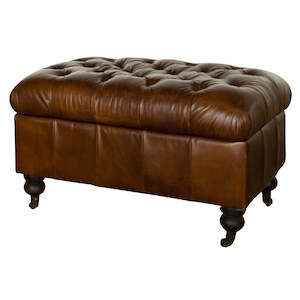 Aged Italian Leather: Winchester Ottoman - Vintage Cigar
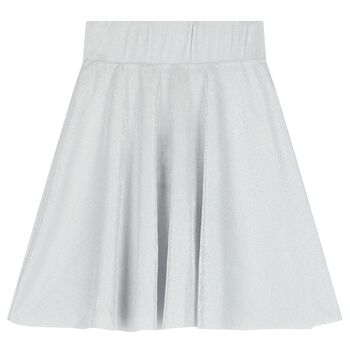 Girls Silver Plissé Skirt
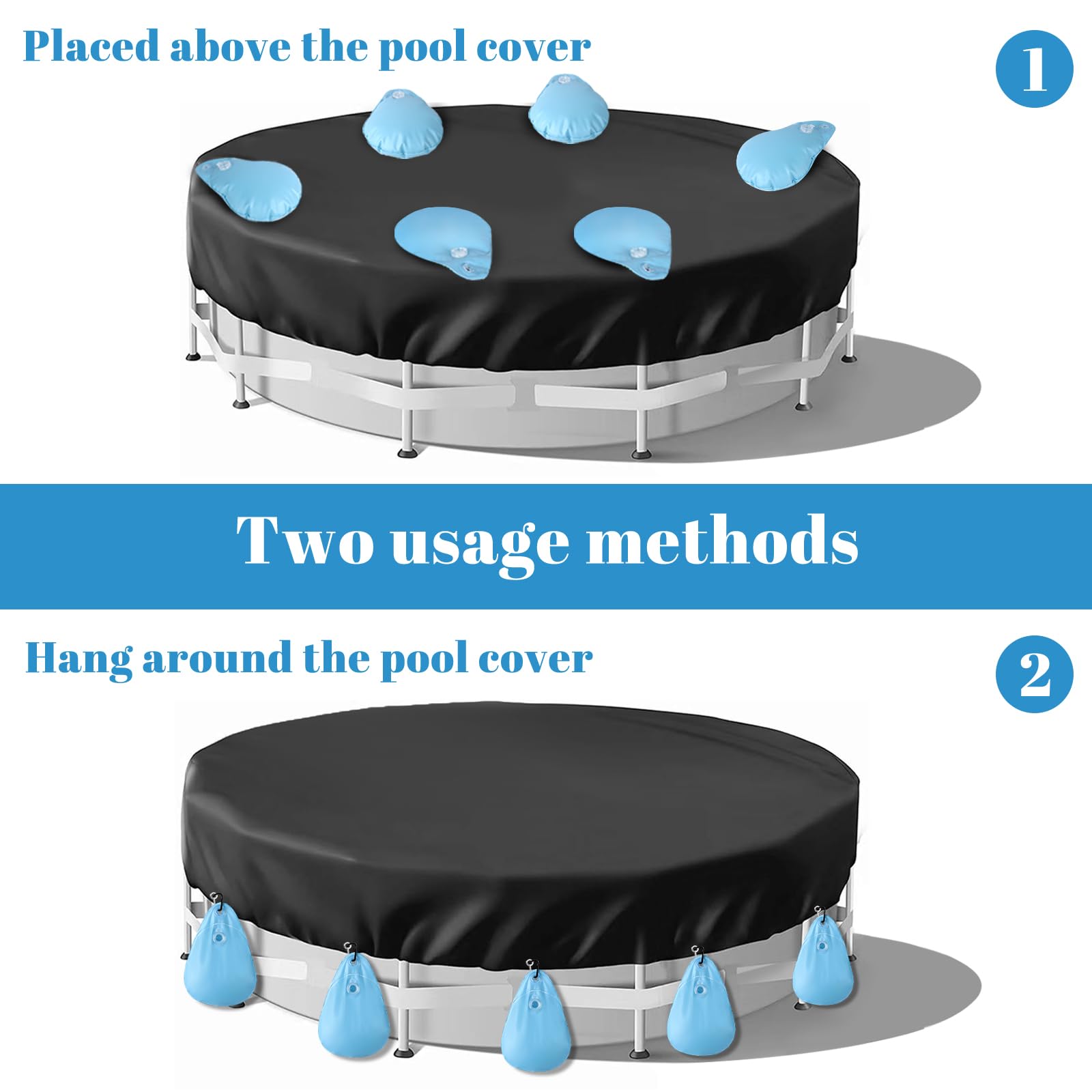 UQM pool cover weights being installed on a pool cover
# # # #
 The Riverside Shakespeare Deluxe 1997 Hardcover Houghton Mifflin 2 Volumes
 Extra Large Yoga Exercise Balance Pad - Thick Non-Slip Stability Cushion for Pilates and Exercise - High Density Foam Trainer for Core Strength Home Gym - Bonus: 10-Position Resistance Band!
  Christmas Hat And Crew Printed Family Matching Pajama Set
# # # #
• _Required action_: Could you write out exactly the lines of the data above that run from the one holding "Aged Italian Leather: Winchester" to the one holding "UQM pool cover", with both ends in and all pictures out?

• _Output of the task_:
 Aged Italian Leather: Winchester Ottoman - Vintage Cigar
 Girls Silver Plissé Skirt
 UQM pool cover weights being installed on a pool cover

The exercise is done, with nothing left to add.